The boy who has acquired a love for Natural History has something to be thankful for, all the days of his life, a possession that may be the means of bringing more comfort to his soul than all the wisdom of the ancients. Of no man can it be so truly said as of the naturalist that he
"Finds tongues in trees, books in the running brooks,
Sermons in stones, and good in everything."
It is true enough that, to most men, a knowledge of flowers or fossils, of insect life or of the habits of birds, will bring no return in hard cash. But there are other things in life besides a balance at the banker's. And a love of art is not more lucrative, or a taste for music or for books.
There are people who, if they would, might do much to aid the study of Natural History; people whose avocations take them much into the open air, and who have opportunities which some of us long for in vain. The fisherman, the keeper, the shepherd, and the farm labourer might, if they could be won over to take interest in such things, contribute not a little to our knowledge of the life history of even the most familiar of animals. Fishermen along the coast see things sometimes the description of which rouses envy in the breasts of less fortunate listeners. Not long since a man was rowing out to his nets in the early morning just outside the bar of a small tidal river in the West Country, when he saw a raven sweeping slowly along the hill-slope near by—the grassy side of a long promontory stretching far out into the sea, muttering to itself at times with that deep voice that, happily, is still familiar to the long-shore dwellers on that coast. Suddenly the bird paused, and with swift descent swooped down among the brown heather and the stunted bushes of the hill, seizing in its strong claws a hare that had been lying crouched among the herbage. But the bird was too late in using its beak or else missed its stroke altogether, for in a moment the hare and the raven, locked fast together, rolled over and over, kicking, struggling, flapping down the rough slope below; until the bird, dismayed by such an unwonted experience and the buffeting of the rocks and broken ground, let go its hold. The hare was on its feet and had vanished like a flash, while the baffled raven, rising slowly in the air, sailed reluctantly away.

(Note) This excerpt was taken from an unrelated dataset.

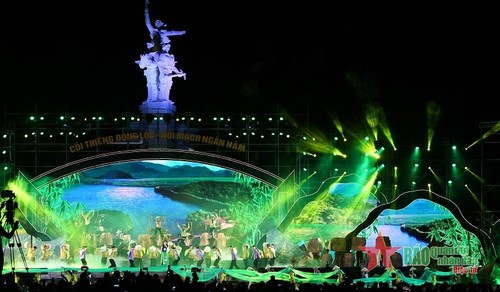 Celebran el programa artístico “La tierra sagrada Dong Loc – conectando mil años de historia”  - ảnh 1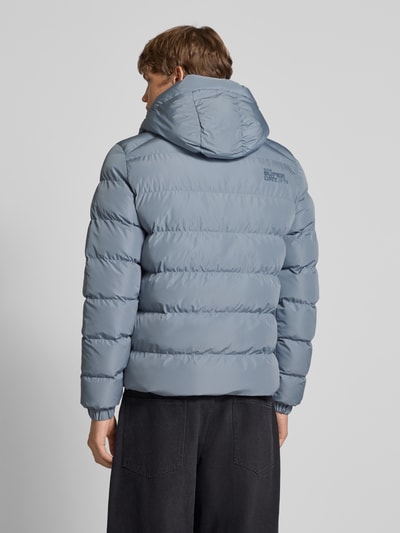 Superdry Kurtka pikowana z kapturem i bocznymi kieszeniami zapinanymi na zamek błyskawiczny Jeansowy niebieski 5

The naturalist is not now, even in country districts, looked upon quite in the same light as he once was—but one degree removed from the state of lunatic. The old order of things, the prejudice, the bigotry, the superstition of half a century ago has to a great degree disappeared. There are many English parishes still without a railway; there is none probably without a newspaper. The presence of a single naturalist, parson or village doctor, or what not, has been known, like the little leaven that leaveneth the whole lump, to rouse a real interest among the neighbours in birds and beasts and even insects. A man's reputation for being fond of strange creatures may perhaps be laughed at, at first, and perhaps be always a little looked down on. But by degrees, very slow it may be, the influence spreads. The keeper brings him a strange bird, the labourer a nest of dormice found in stubbing up a hedge-row, or a clutch of quails' eggs he has come upon among the clover. The old mole catcher, too, is a very mine of stories about the strange beasts he has seen in his sixty years' experience. One of his most wonderful tales is about the great snake—"more 'n that long,"—a matter of five feet or so,—which he killed as it was sucking the milk of a cow: "and" as he will add triumphantly, "there were more 'n a pint of milk in him":—the crushed eggs of the unfortunate reptile no doubt, but it is altogether useless to suggest any such paltry explanation.

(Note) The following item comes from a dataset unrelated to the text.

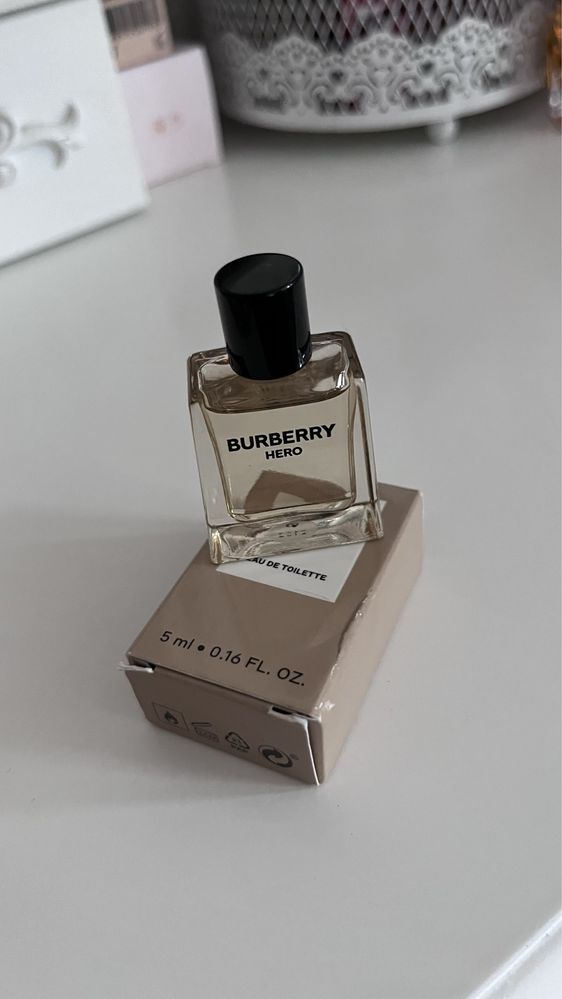 Miniaturka Burberry Hero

One autumn a boy at work among the potatoes turned up with his spade something that instantly, so he declared, became a bird and flew away. The boy ran home in horror. His parents would not believe a word of the story, but the boy was too big to be flogged as a mere liar. They were greatly relieved on learning that something of the kind was at least possible, and regarded with no little interest a Death's Head hawkmoth, for such no doubt the apparition was, preserved in a collection.